One day in class, Professor Gard was saying her closing thoughts and as she closed, she said these words, "I have a statistic for you, did you know that every 5 seconds, a child will die somewhere in the world due to starvation? Did you know that means, that in the last hour and ten minutes we've had in class together, over 840 children have died?" She told us that she was praying every day that one of us, just one, would grab a hold of a vision to seek and save children, and that we would run with it. She told us we would be amazed at how much just one person could do to literally change the world, if we would only be willing

I left class, walked to my dorm, and could not stop thinking about that very statistic all day long. It was nagging at me. It was almost talking to me saying, "find some way to make that awful percentage go down, do something, there has to be a way to fix that. That's just too many kids.....dying."

So I started planning. I thought about it, I dreamed about it, I woke up and talked about it. In class I drew logos for an event, I watched videos about starvation, I talked to my teachers and classmates; it was getting somewhere. What if? What if  that statistic could go down? No one wants to fight hunger though, it's such a massive epidemic, how do you even begin? 
"Well what about starting small?" I thought, "What would I  give to? I wouldn't give cash, I'm in college don't you know? I wouldn't write a check, I don't think I own a check book. I would give change though, I know I have that. It's everywhere; my car, under my bed, in old wallets, purses, bottom of drawers, it's everywhere. So there, that's what we'll do, we will give change, because an average household has about 90$ in change just lying around their house... did you know that?"

There you have it. Every 5th of the month I challenge you to give your loose change so that starving children can have a meal to eat and have the chance to actually live. 


Thanks for listening




Saturday, June 4, 2011

June 4th, 2011

I don't know how to write these lousy blogs...I'm not clever, but whatever, here goes.


So this is my first posting and at this very moment I realize that in exactly one month today, I will be on a plane for my trip to Indonesia....holy smokes. Do you know how this feels? It's hard to explain. It's like I can try to imagine how incredible it will be and I fantasize about my time there, but then I jump back into reality and remember that I have never been there and I can't possibly fathom what is to come, and that my friends, is a very cool feeling. 

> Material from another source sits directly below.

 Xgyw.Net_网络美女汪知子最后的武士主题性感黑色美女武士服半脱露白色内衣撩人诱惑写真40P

Here is a little preface to this blog, my life, my experience, my world, and why I am even spending time at 11:21pm to write this blog. In 2006 at a summer camp, I felt the Lord impressing upon my heart to be a missionary. I didn't know where, or how, or even why, but what I did know was that I was going to do whatever He wanted. So four missions trips, a passport mishap, an undeniable love for children, and 8000 dollars later, here I am, finally going to where I believe, I have been called. 


What's cool about this trip is that I get to work with the coolest family ever! Their names are John and Korie    Taylor and their two sweet daughters. I met Korie on a whim one day, while she was in the states. We met and just talked about life, my desires, and questions I had. Who would have thought that a little over a year later, I would be planning such an extravagant trip to go and work with her and her family in Indonesia....well I did. Since then we've been planning dates, costs, events, tickets, the requirements for internship class, what to wear, what to expect, you name it, we've covered it. And now, I have a ticket, a passport and not even enough money to get me half way there, but if there is one thing I know that God has never failed me in or let me forget, is that HE WILL ALWAYS PROVIDE : ) Glory. 

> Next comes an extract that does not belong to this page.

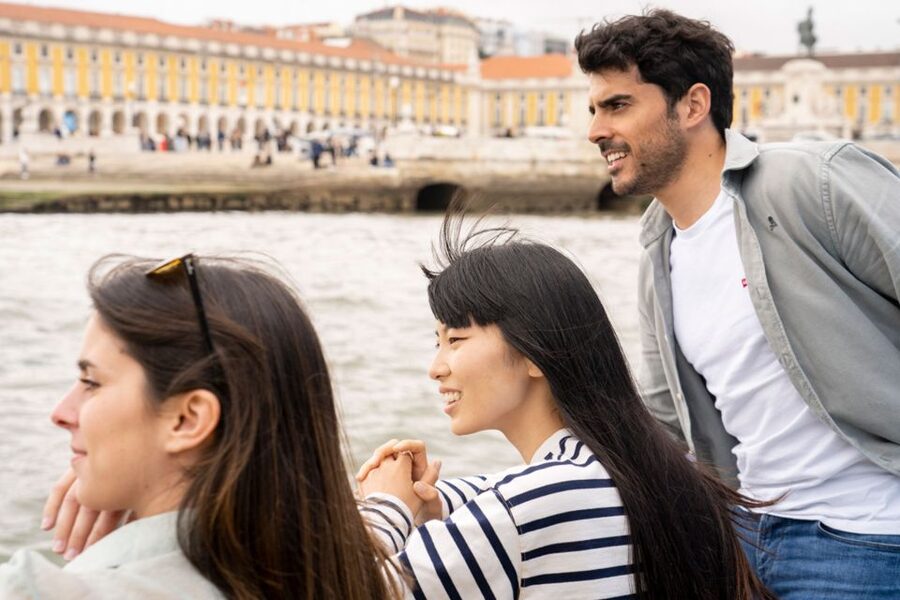 Lisbon: Alfama Charms, Tapas, Wine and Sunset Boat Cruise - Where You Start: Praça Dom Pedro IV and Easy Alfama Access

I would like to pause and say, if you received a support letter from me and have been praying or sent me money, thank you so much. Thank you for believing in me. Thank you for trusting me. And thank you for trusting God. He has His plan in mind, and I am simply His instrument. That doesn't even justify how grateful I truly am because I would not even be going if it weren't for your prayers and support. 


Honestly I don't know how I will feel, I'm not scared though. I just know that God wouldn't bring me to this place unless He thought I was ready.